Танец, поскольку он связан с весом, является мощным активатором прошлых состояний тела. Он приводит в действие глубинную память. Сегодня известно, что она записана «не в нервной системе, но в пластичном формировании тканей, порождающих плотное устройство тела»[1186]. Фасции, соединительные ткани, облегающие и объединяющие все системы тела (мышцы, органы…), «производят память» еще до всякого сознания. Их пути к вертикальному положению в буквальном смысле высечены рискованными случаями из истории. Фасции переводили их в телесную запись, формируя пластические особенности индивида[1187][1188]. В 1940?е годы работающий в области психобиологии Анри Валлон показал, что первый обмен младенца информацией со своим окружением происходит через сокращение гравитационных мышц, называемых также тоническими мышцами[1189][1190]. Позже, в 1960?е годы, эта теория привела к идее «тонического диалога»[1191]. Этот язык сокращений и расслаблений мышц с самого начала наделен эмоциональной окраской. Оказывается, что поступательное движение к вертикальному положению путем развития гравитационных мышц всегда связано с психологической историей индивида и его отношения к внешнему миру. Не может быть изменения напряжения мышц в теле без изменения эмоционального состояния и наоборот. Итак, тонические мышцы предвосхищают всякую возможность движения, а значит, и переноса веса, тогда как соединительная ткань приводит в движение целое телесной структуры.

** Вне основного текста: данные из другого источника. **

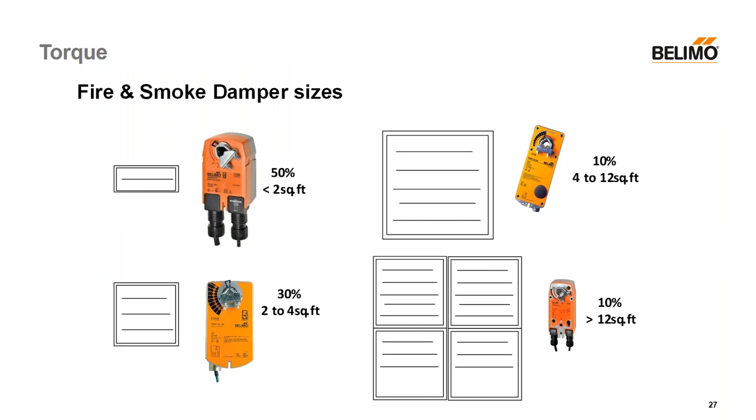Torque — I've actually never really had a fire and smoke damper problem with torque. We have good rules of thumb, and from manufacturer to manufacturer they're very similar. Roughly 50% of dampers installed are less than two square feet, so our little FSTF motor works for them. Roughly 30% are between two and four square feet, so the FSLF works just fine — that's 80% of your market. When you get to four to twelve square feet, we recommend the FSNF, which is UL listed for modern dampers up to 16 square feet. And when you get to multi-section or larger dampers — about 10% are bigger than 12 square feet — you'll use our big motor or several of them.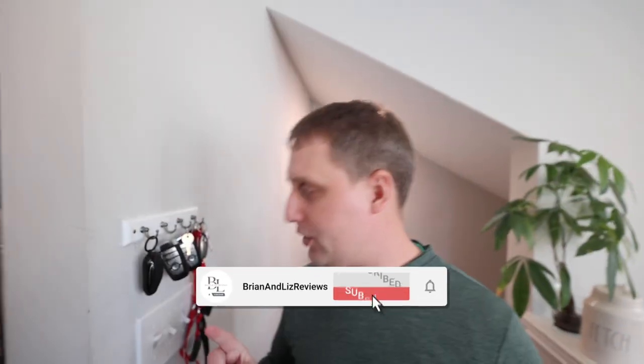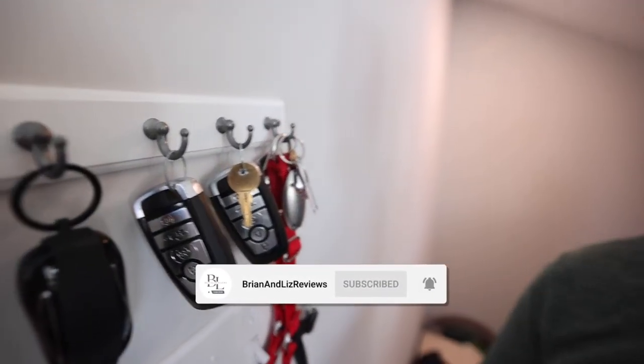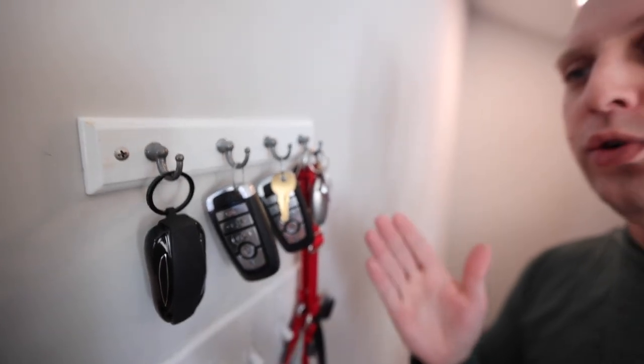Hey, what's going on guys? Brian here, Brian Lives Reviews. Real quick, I wanted to show you guys our four ring key holder that we have at the top of our stairwell here to, as you guys would imagine, hold all of our keys.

Не только ощущение тяжести, аффект и движение перетекают друг в друга: малейшее движение задействует индивида во всей тотальности функций его организма. Иными словами, единственная нить бытия принимает вызов тяжести. Рудольфу Лабану было мало выдумать из этого средство припоминания состояний материи, одновременно рассеянное и всеобъемлющее. Он также увидел здесь возможность глубокой трансформации человека. Проникая в материю тела, активно работая с ней с помощью силы воображения, танцор преобразует свои перцептивные установки. Для него танец зависит лишь от формы выразительности. Ведь если движение неотделимо от эмоции, как оно может стать ее выражением? Танец не выражает никакого внутреннего душевного мира. Он есть, по мнению Лабана, «поэма напряжения»[1192], с помощью которой живое существо непрерывно изобретает свою собственную материю.